5) Use supplements to augment your endeavors. Can you build an impressive physique over time without the help of supplements? The honest answer is, yes. But on the other hand, why not make use of all the amazing breakthroughs science has offered in the sports nutrition category the past few decades, and try to fast track your results?
There are supplements that can help all aspects of your bodybuilding efforts, and as millions of people would attest, they can make a big difference. Protein powders, bars and ready-to-drink formulas provide a quick dose of this all-important muscle-building nutrient any time of day, and can stand in for a whole-food meal when you're on the go. Preworkout products such as creatine and nitric-oxide boosters can help increase your strength and energy for a better training session. Vitamins, minerals and various amino acids can help fill in any nutritional gaps, so the building blocks are there when your body needs them for growth and recovery. As a beginner, you'll want to research all the options at your disposal, so you can decide for yourself what products are right for your goals.

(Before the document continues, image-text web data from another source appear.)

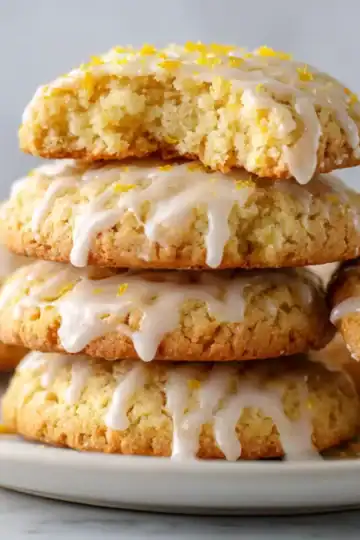 Delicious lemon cookies topped with white glaze and lemon zest, perfect for any dessert or snack.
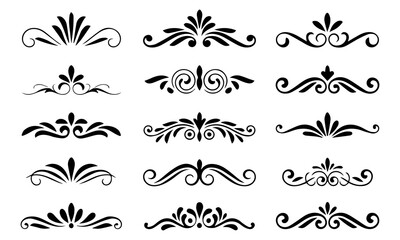 Ornament design corner set, collection, flowers floral design corner, vector eps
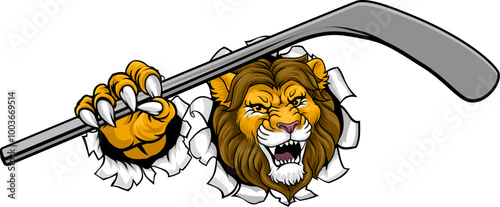 A lion ice hockey team cartoon animal sports mascot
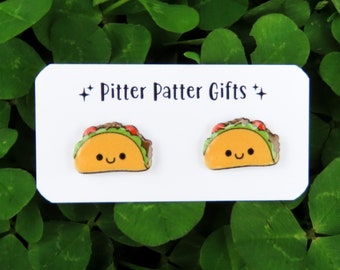 Kawaii Taco Earrings, Food Earrings Studs, Fun Earrings, Titanium Earrings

With all that said, there's one last piece of advice we can give you: Start now. If you want to make positive changes and live the fitness lifestyle, waiting for some random date in the future - next week, the first of next month, or worst of all, New Year's Day - is nothing more than procrastination. If you want it, do it immediately, starting this very moment. Putting it off any longer is only a recipe for regret. It's a decision that will resonate through all aspects of your life, and immediately move you closer to your ultimate bodybuilding goals.